The Hidden Width of Deep ResNets: Tight Error Bounds and Phase Diagram
Lénaïc Chizat
TL;DR
This work proves a high-probability error bound between the ResNet and its limit after a fixed number of gradient steps, and identifies the residual scale $O\big(\frac{\sqrt{D}}{LM}\big)$ as necessary and sufficient for maximal local feature updates.
Abstract
We study the gradient-based training of large-depth residual networks (ResNets) from standard random initializations. We show that infinite-depth ResNets behave as if they were infinitely wide, regardless of their actual width. More precisely, we obtain that with a fixed embedding dimension $D$, the training dynamics converges to a unique Neural Mean ODE training dynamics as the depth $L$ diverges, regardless of the scaling of the hidden width $M$. For a residual scale $Θ_D\big(\fracα{LM}\big)$ with $α=Θ_D(1)$, we obtain the error bound $O_D\big(\frac{1}{L}+ \frac{1}{\sqrt{LM}}\big)$ between the model's output and its limit after a fixed number gradient of steps.
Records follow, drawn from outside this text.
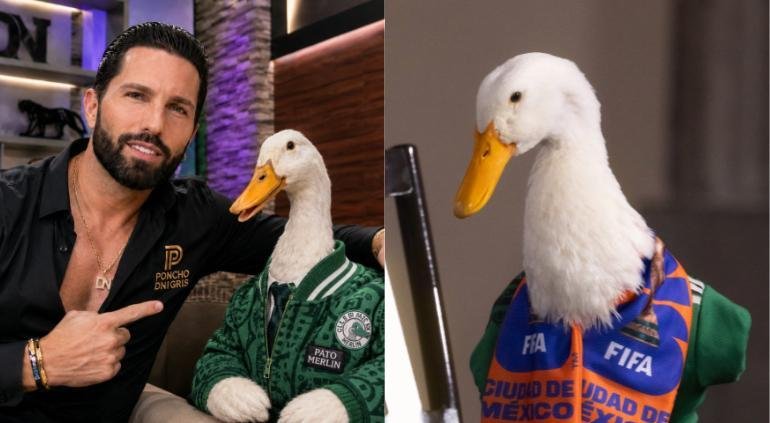 Poncho de Nigris Pato Merlín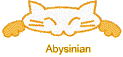 Abysinian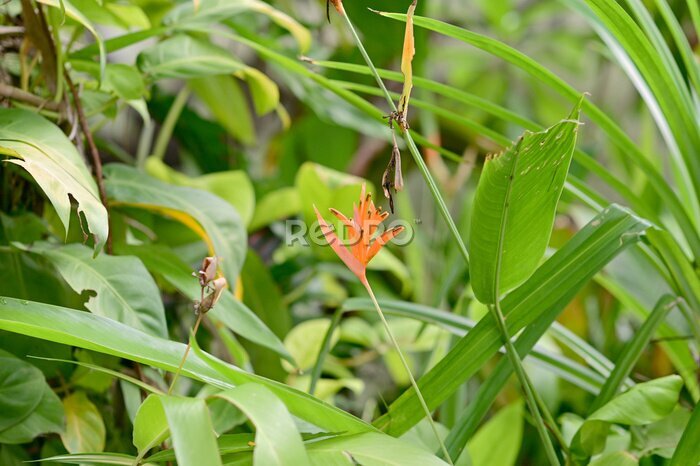 Papier peint  Blooming Strelitzia (bird of paradise flower) flower with green leaf background in the garden. Concept of beautiful flowers of Thailand. 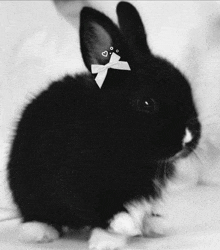 a black and white rabbit with hearts on its ears and a white bow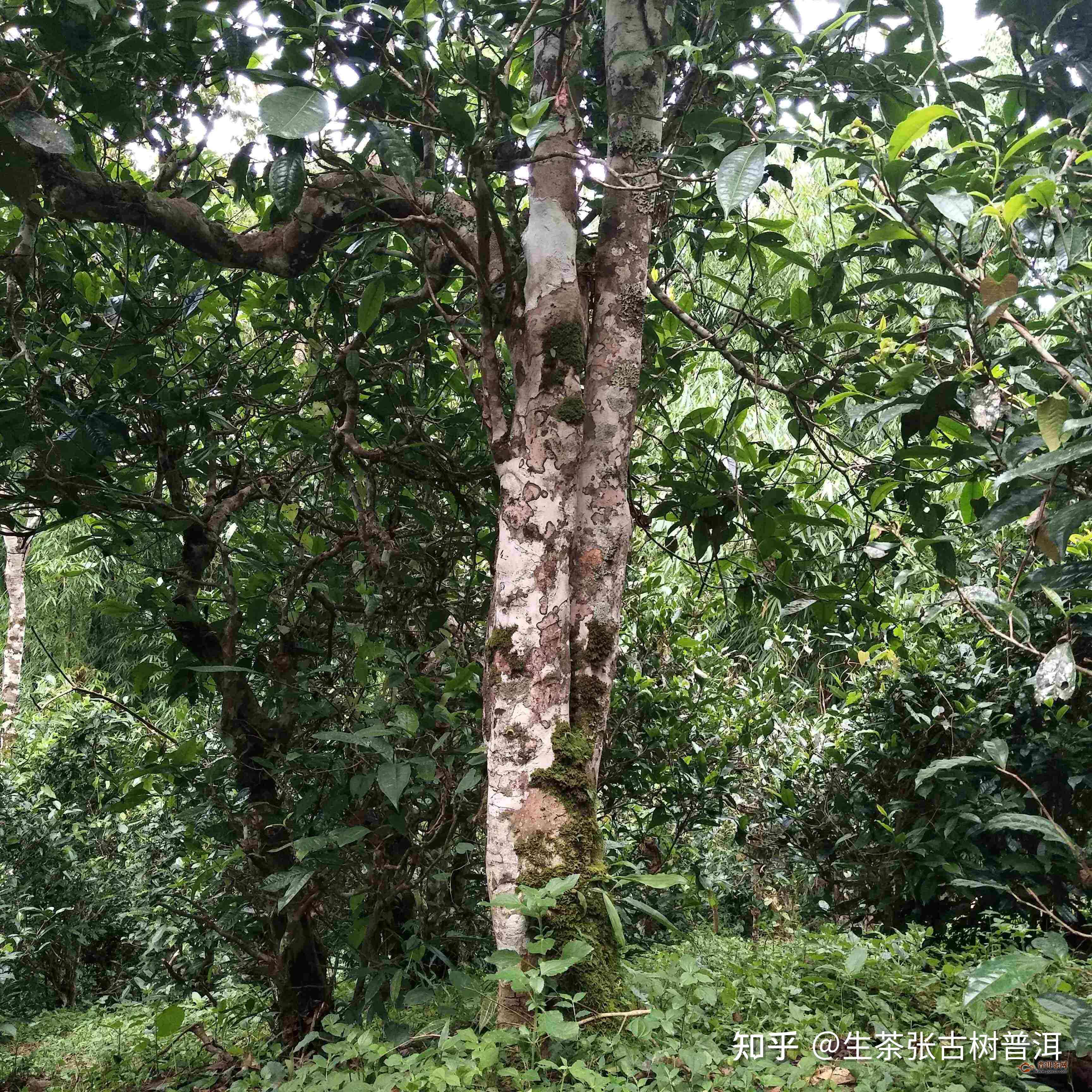 小勐峨古树普洱茶的独特口感分析与鉴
In this regime, the limit exhibits maximal local feature updates, i.e. the Mean ODE is genuinely non-linearly parameterized. In contrast, we show that $α\to \infty$ yields a lazy ODE regime where the Mean ODE is linearly parameterized, and we derive a convergence rate in this case as well. We then focus on the particular case of ResNets with two-layer perceptron blocks, for which we study how these scalings depend on the embedding dimension $D$. We identify the residual scale $O\big(\frac{\sqrt{D}}{LM}\big)$ as necessary and sufficient for maximal local feature updates. In this regime, we prove a high-probability error bound $O\big(\frac{1}{L}+ \frac{\sqrt{D}}{\sqrt{LM}}\big)$ between the ResNet and its limit after a fixed number of gradient steps. Our convergence results rely on a novel mathematical perspective on ResNets : (i) due to the randomness of the initialization, the forward and backward pass through the ResNet behave as the stochastic approximation of certain mean ODEs, and (ii) by propagation of chaos (that is, asymptotic independence of the units) this behavior is preserved through the training dynamics. We verify empirically that all our rates are tight.